Synthetic cheese based on nature identical casein from genetically engineered yeast
Reference number | |
Coordinator | Cassius AB |
Funding from Vinnova | SEK 78 461 |
Project duration | March 2019 - December 2019 |
Status | Completed |
Venture | Innovative Startups |
Call | Innovative Startups step 1 spring 2019 |
Important results from the project
The purpose of this feasibility study was to evaluate whether the development and commercialization of vegan cheese based on synthetic casein can be practically feasible, commercially viable and safe from a health standpoint. During the project period we have, together with KTH, potential industrial partners and in other project activities, achieved this objective. In summary, the activities carried out in step 1 have shown that the project is realistic to develop according to the original objective and we have laid a good foundation for the project´s completion.
Expected long term effects
The activities carried out in this feasibility study have shown that the project is realistic to develop according to its original objective and we have laid a good foundation for the project´s completion.

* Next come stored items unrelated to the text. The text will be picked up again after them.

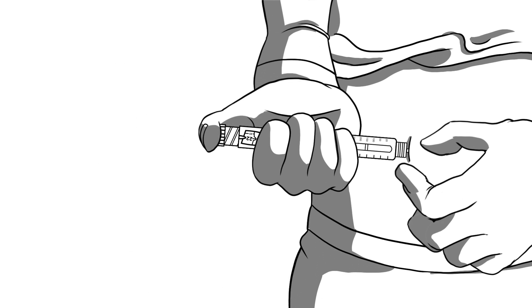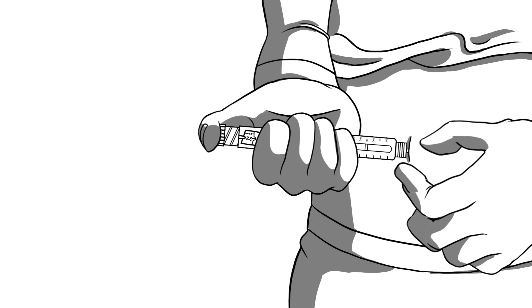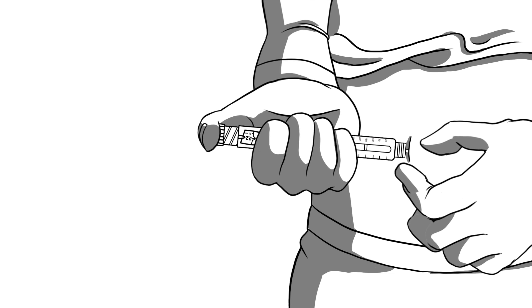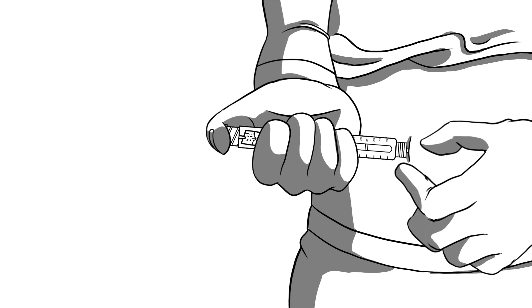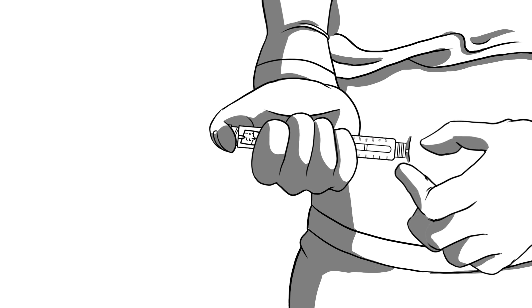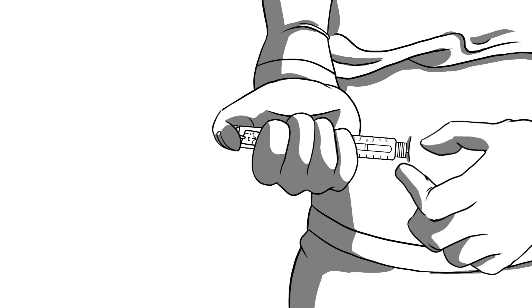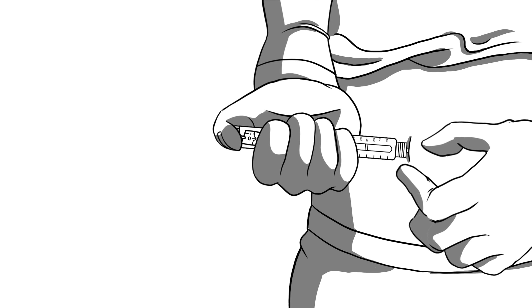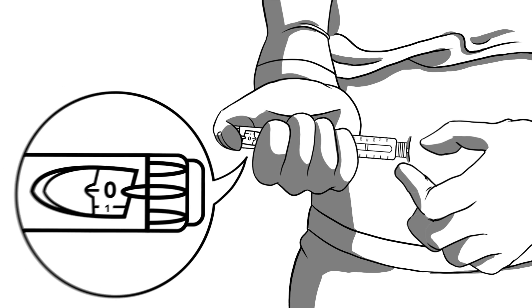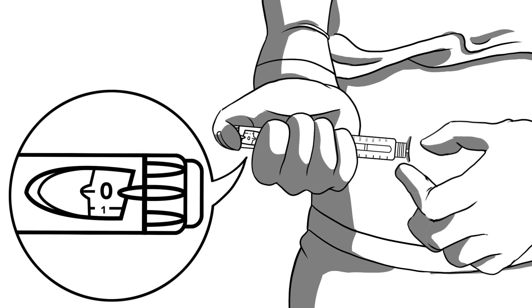Press down with your thumb on the button. The motion should be controlled and slow. You should press down until the number in the dose window goes all the way back to zero.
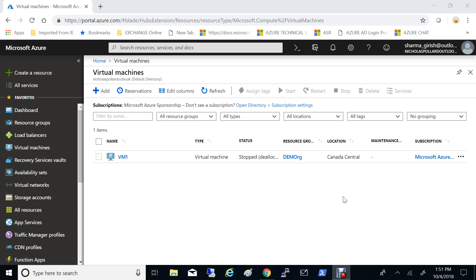There might be a requirement in your infrastructure that you need to have more than one NIC. Maybe you want to segregate your front-end traffic from the back-end traffic. So you might need to have more than one network interface card, and that is what I will show you how to add.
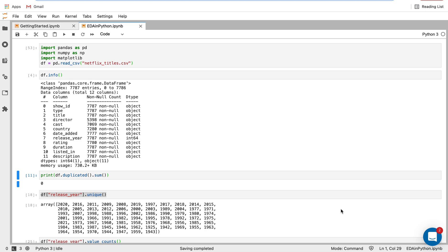Hey, this is Jake from Mido. I'm going to show you how to do exploratory data analysis in Python.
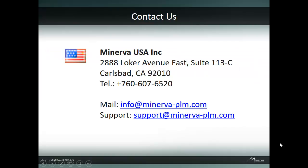If you have any questions about Minerva Medical Device PLM or would like a more detailed product demonstration, please contact us at the following.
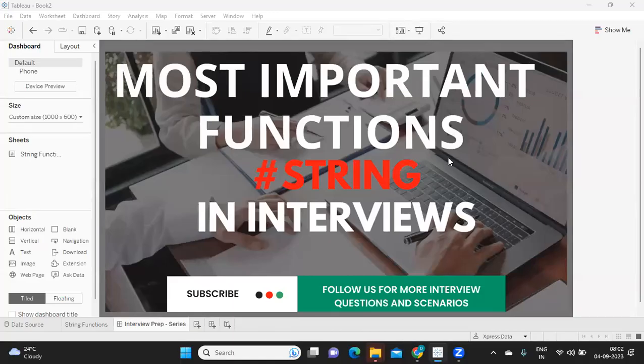Hello everyone, welcome back to my YouTube channel. In today's video we are going to see what are the important string functions that can be asked in interviews and are regularly used in real time. When you go to level one, two, or three interviews, there are very high chances you might be given scenarios to solve, and you'll likely use some functions from the list we're going to discuss today.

We have established a good relationship with KTH and good conditions for collaboration in technology development. In the next phase we intend to, in collaboration with KTH and industrial partners, develop methods for fermentation production of casein on an industrial scale and prepare for commercialization of the end product.
Approach and implementation
This feasibility study was divided into eight separate activities conducted internally in the project group, in collaboration with potential partners for technology development and production or in collaboration with external consultants. The emphasis has been on the collaboration activities as our strategy for technology development and production requires collaboration with partners.